My roommate turned up and came to the bar to tell me about how well she was laid. Reality came back. We talked about her green monkeys, the last thing that I wanted to do while feeling overwhelmed and that I can't be loved. Meanwhile, she walks into a bar and a man professes love.

We went back to our apt to sort out her issues and I just lost it. I mean, I told her I didn't wnat to hear about it, and I totally understand that she needed to talk about it. I just couldn't be the one there for her.

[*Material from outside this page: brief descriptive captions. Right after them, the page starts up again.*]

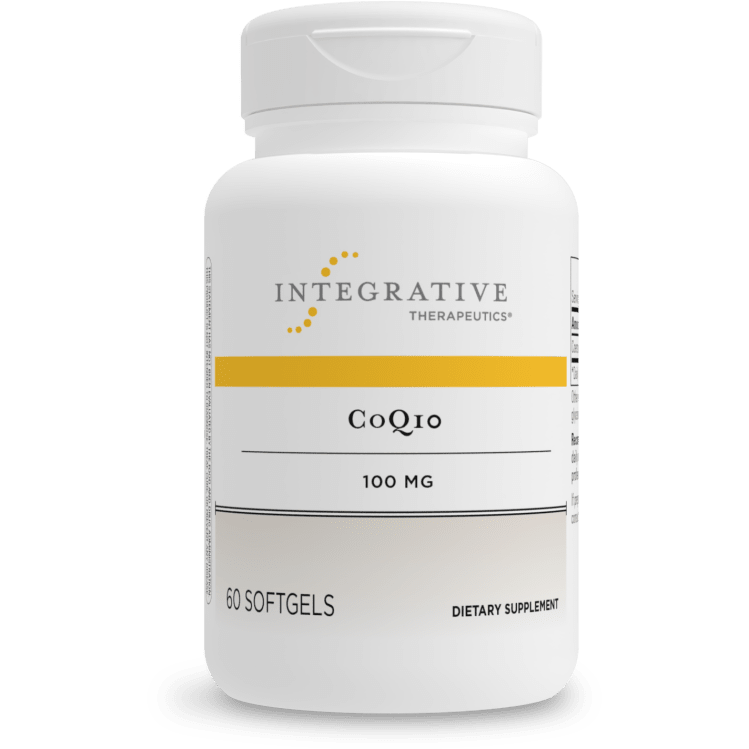 CoQ10 (100mg) (60 Softgels)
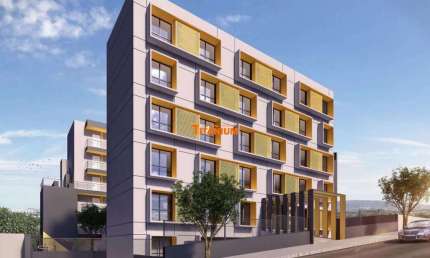 Aluguel de JK Mobiliado em Novo Hamburgo, Vila Nova - Campus Studios II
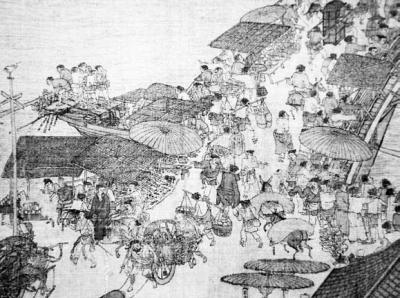 《清明上河图》逆袭之路：从少人问津到跑着去看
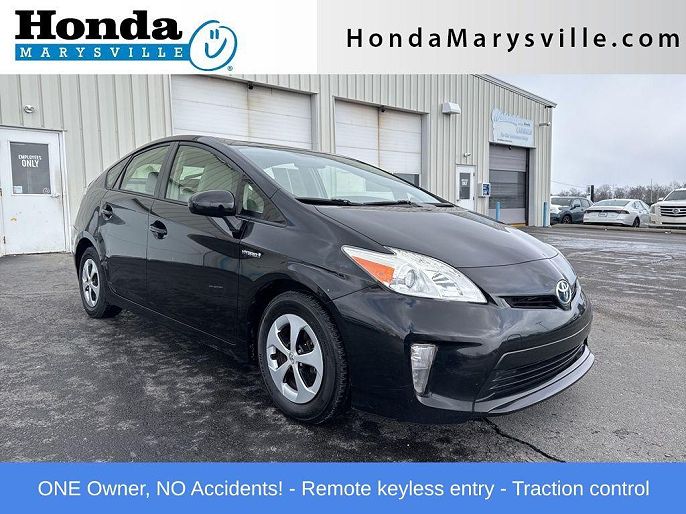 2015 Toyota Prius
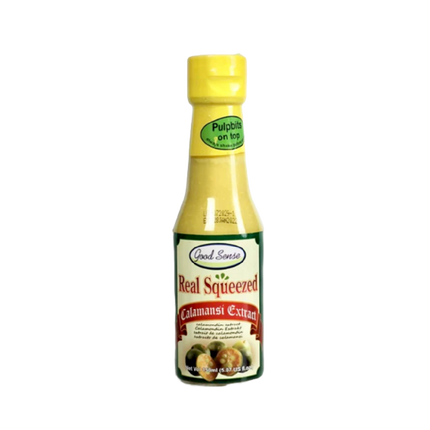 GOOD SENSE Calamansi Extracts Regular 150ml (Case12)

So I started to cry. I tried not to cry and I told her that I was trying not to cry and then before I knew what happened, I am sitting on the couch crying about how I am overwhelnmed with life and I will never be loved. About how she can be single for two weeks and has already met two guys that have told her they want to be with her and I am just waste. Unwanted waste. I said that I had gotten too close to someone that was unrealistic for me to think about getting close to and that I just realized this a year down the road and I know that friendship as it was is over and now I just feel sad. I felt like the weight of the world was on me and that it was useless to keep pushing up to keep the weight from squashing me. It's just too hard.

And then she said things that made me feel better. That it's good that I trusted someone and that means that I can trust other people now. Caswe in point, I allowed someone to take care of me last night and get me home. I've never done that before. That the reason I don't meet a guy when I walk into a bar is because I am picky and because I don't put myself out there. But those are things that can change. The biggest piece of what's coming together for me is resolving the trust issue and I'm there and I can do it again and the next time it will be better because it will be right.

I guess I feel okay now. I'm pretty tired but in a good place mentally. I'm doing all of this life learning at a rapid speed and it's overwhelming for me. I think other people figured this stuff out in high school and college and I'm doing all in one fiscal. It's like a berlitz.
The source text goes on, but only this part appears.